Note that in the above image, an empty cartridge case is stuck in the ejection port at the top of the pistol. This is an example of a stovepipe jam. The reason that this is called a stovepipe jam is because the empty cartridge case resembles the chimney pipe of an old fashioned cooking stove.
A stovepipe jam usually occurs in semi-automatic or fully-automatic firearms and is a failure-to-eject malfunction (i.e.) the cartridge that was just fired did not get ejected from the firearm properly and the cartridge case is partially stuck in the ejection port. This means the weapon cannot load the next cartridge into the chamber properly and will not fire.
There are four major causes of stovepipe jams:
- Limp wristing the weapon: We already studied the subject of limp wristing a month ago. By not holding the firearm strongly enough and not offering enough resistance and rigidity to the recoil forces of the firearm, the firing action may not complete its cycle properly and hence a jam occurs. This is more commonly seen when using pistols.
- Old or bad ammunition: The propellant in the cartridge case may have degraded sufficiently due to age, or the case may not have been filled with enough propellant. Either way, the burning propellant doesn't generate enough power to cycle the action properly and so the cartridge doesn't get fully ejected by the time the slide returns back.
- Bad ejection mechanism: Either the return spring of the slide may be too strong or the ejector spring that ejects the old cartridge is too weak. In either case, the slide moves back and then gets pushed forward and starts to close before the old case is ejected. Therefore, the old case gets caught before it has a chance to fully leave the firearm.

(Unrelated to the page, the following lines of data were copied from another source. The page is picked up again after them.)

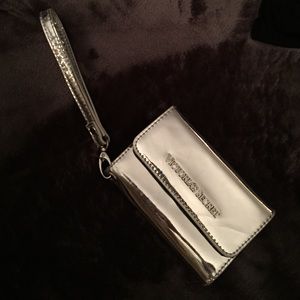 Wallet/iPhone 5/5s wristlet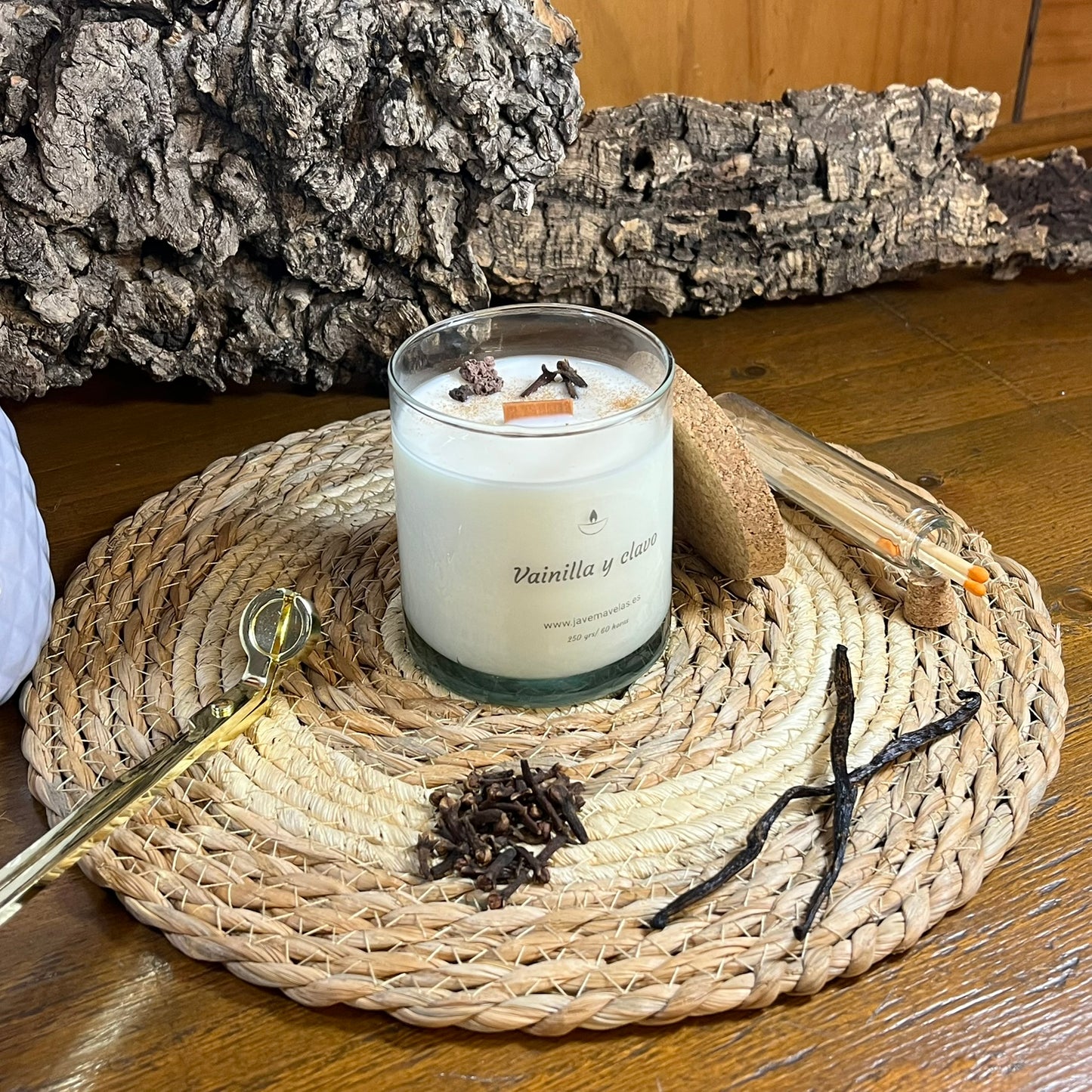 Vela Esencial Vainilla y Clavo – Calma y Protección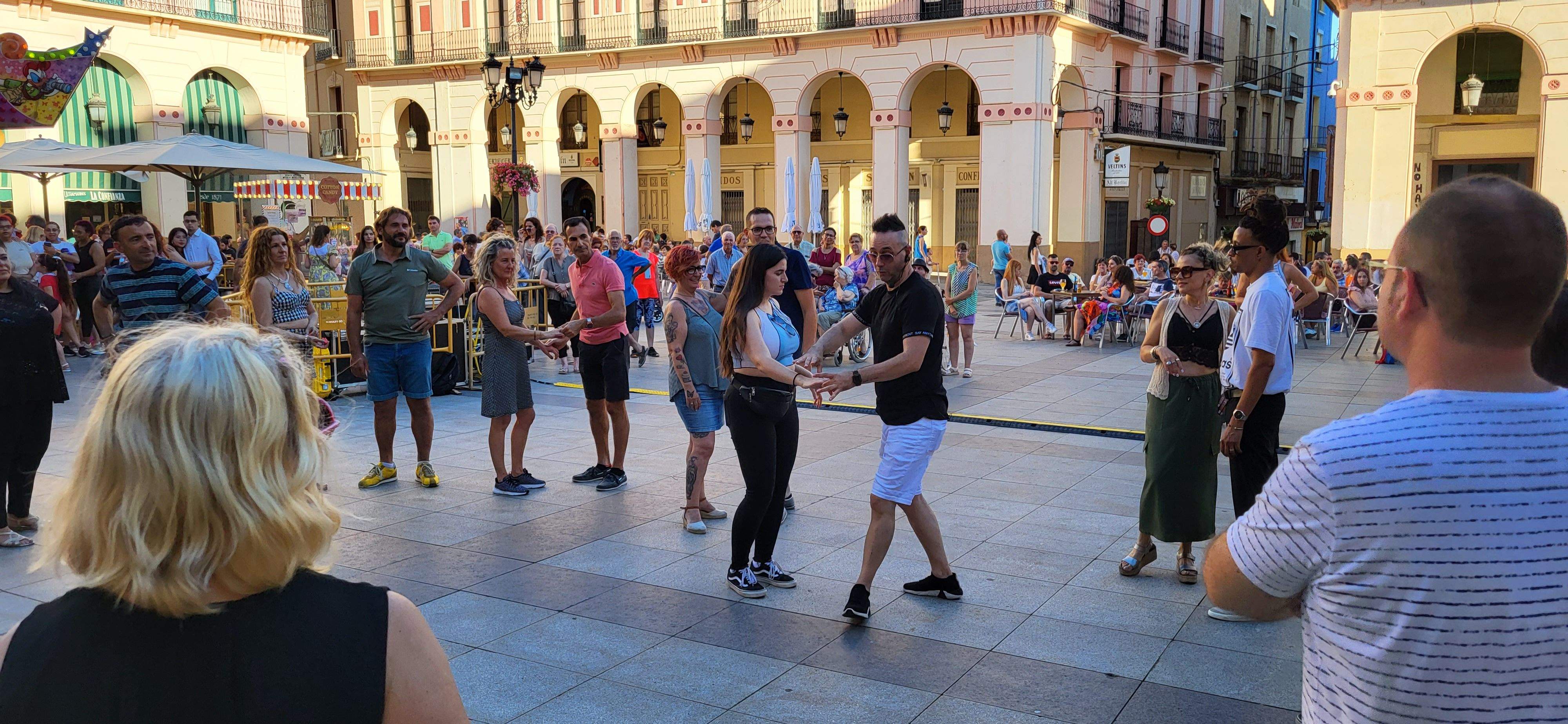 Salsa y bachata en la plaza López Allué de Huesca. Foto Myriam Martínez 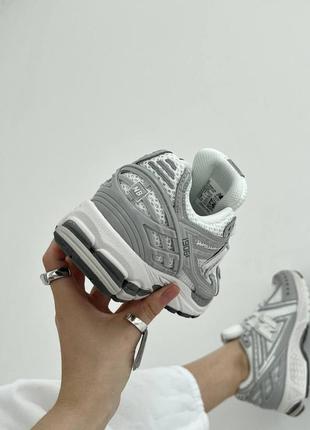 Женские кроссовки new balance 1906d milkals серого с молочным цветов4 фото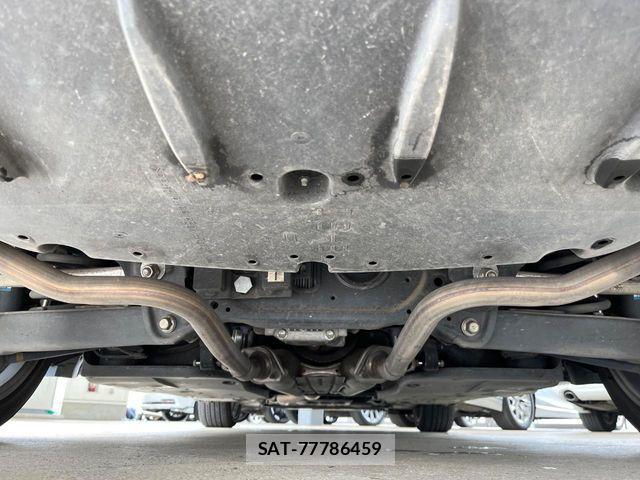 Lexus IS 2017-09 7562351-18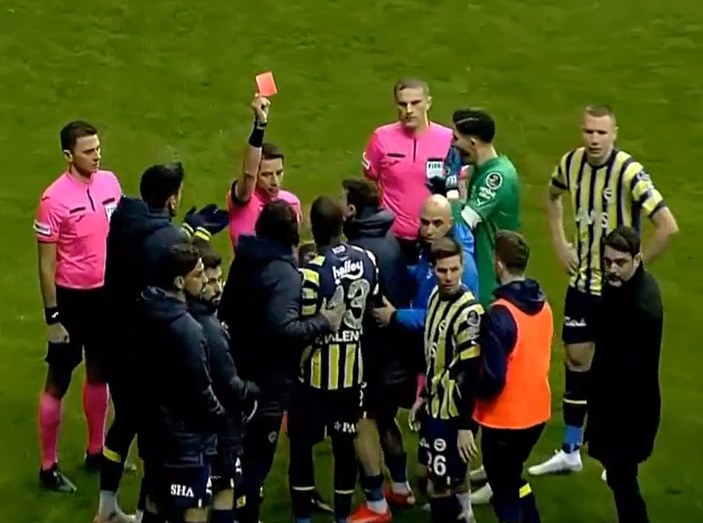 Fenerbahçe Teknik Direktörü Jorge Jesus kırmızı kart gördü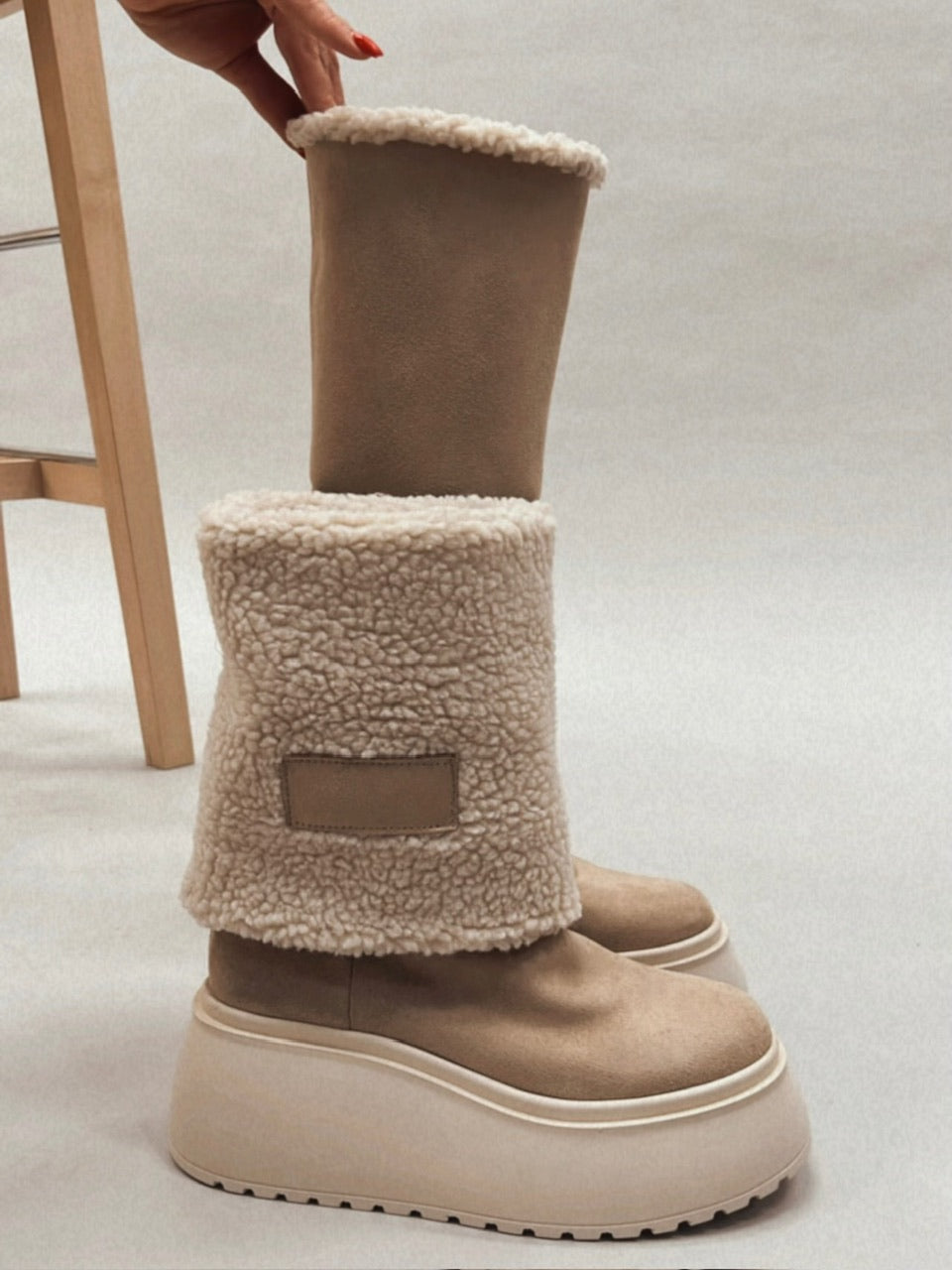 Comfortable and versatile mid-calf fur boots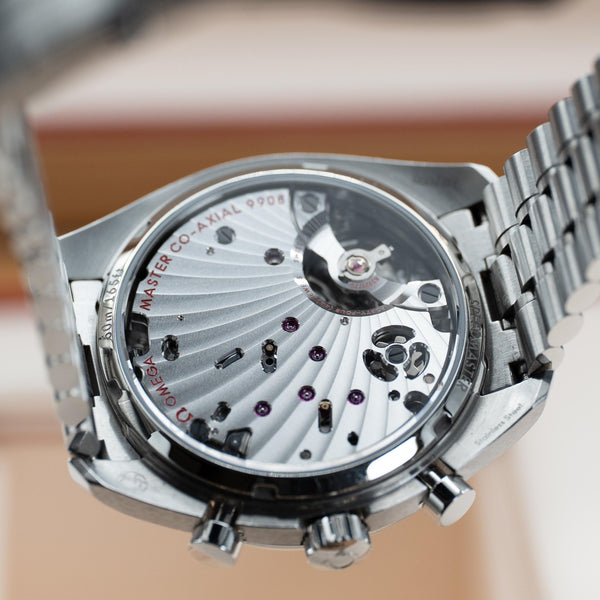 Caseback of Omega Speedmaster Chronoscope White Dial showing movement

- Spin back: The old cartridge case does get ejected, but it hits something on the way out (e.g. the ammunition belt, or the drum, or the side of the ejection port) that causes it to spin back into the ejection port instead of going out of the weapon. Some rifles are more susceptible to this than others: e.g. the Stoner 63A, which was used by SEALs in Vietnam, occasionally suffered this when configured with a snail-drum magazine which fed from the left hand side. It did not exhibit this issue when configured with a box magazine fed from the right hand side.
Stovepipe jams are relatively easy to clear. We will study how to clear firearms at the end of this series. For now, we will continue studying other types of malfunctions in the following posts.